If so, chances are you spend $100,000 or more per year, perhaps much more, with them.
These days, it’s also likely that your annual research budget has been lowered. Or that you are expected to do more with the same budget. In either case, the name of the game is budget efficiency.
One of the easiest ways to improve budget efficiency is to simply ask your research suppliers: “What options can you offer to reduce our research costs?” Let them know you are open to creative ideas.
A true partner will be open to getting creative on your behalf. Simply by asking them, you are also signaling to them that you are open to change—perhaps new tools or processes that they may have been reluctant to offer up proactively. After all, some of their clients are resistant to change, and they may have assumed this applies as well to you.
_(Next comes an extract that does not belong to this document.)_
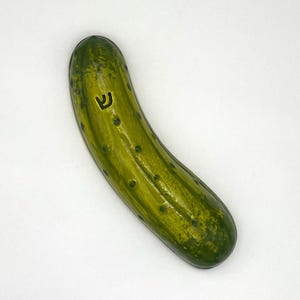 Pickle Mezuzah, handmade stoneware judaica shop, jewish home decor, sour pickle mezuzot, ceramic mezuzahs, jewish art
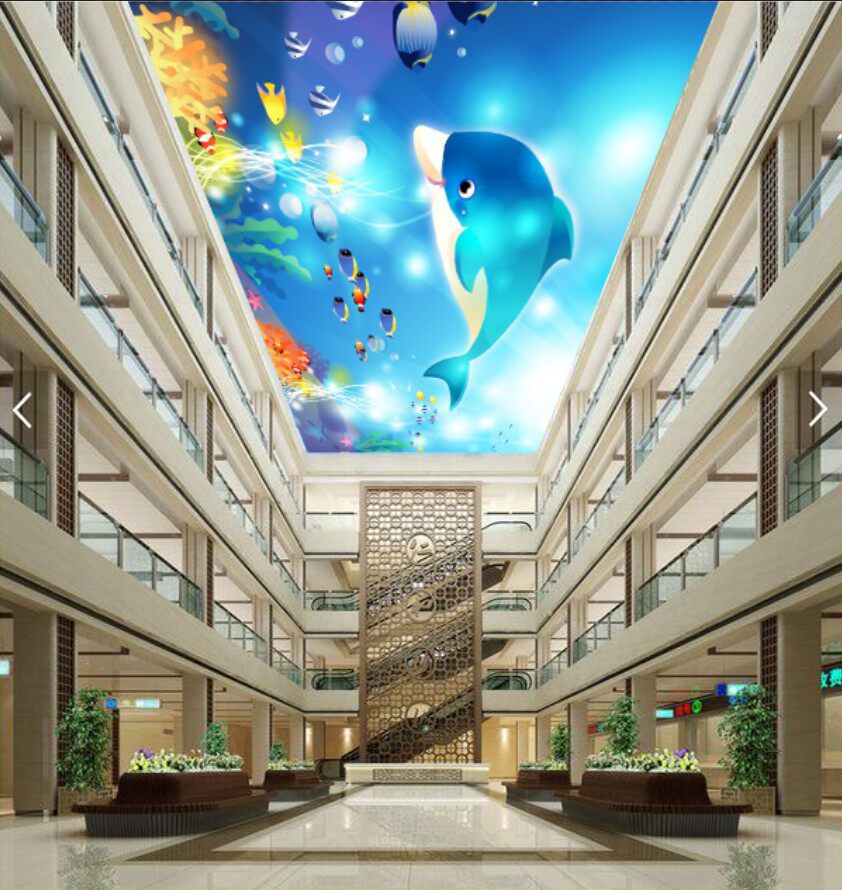 Underwater World Mediterranean Ocean Suspended ceiling soft film mural background wall knife scraping cloth light box film light-transmitting film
What can you expect after you ask for options? Here are a few examples of things you will likely hear:
Reduce data collection costs by building an in-house panel (as opposed to using a 3rd party panel). If you have not done so already, and depending on your market, an in-house panel can reduce data collection costs. Yes, there is an up-front investment to create it, but depending on your population parameters and research frequency, it can pay for itself within a year.
Reduce reporting costs by eschewing slide decks. Market research agencies put a lot of time into creating slide decks (whether though PowerPoint, Keynote or other programs). Online reporting options and chart automation tools can reduce operating costs, though there can be trade-off’s in formatting and customization.
Reduce project management fees by changing to a retainer versus per-project fee structure. Market research suppliers are, after all, consultancies. The more predictable the revenue stream, the more efficiently they operate. Some agencies will offer lower fees if they have a guarantee of consistent work or more of a consultative relationship.
Of course, with change comes risk. Your provider will likely advise you of the risks associated with the options they offer.
But, hey, it doesn’t hurt to ask, right? Give your market research suppliers a chance to be creative on your behalf. You just may be pleasantly surprised.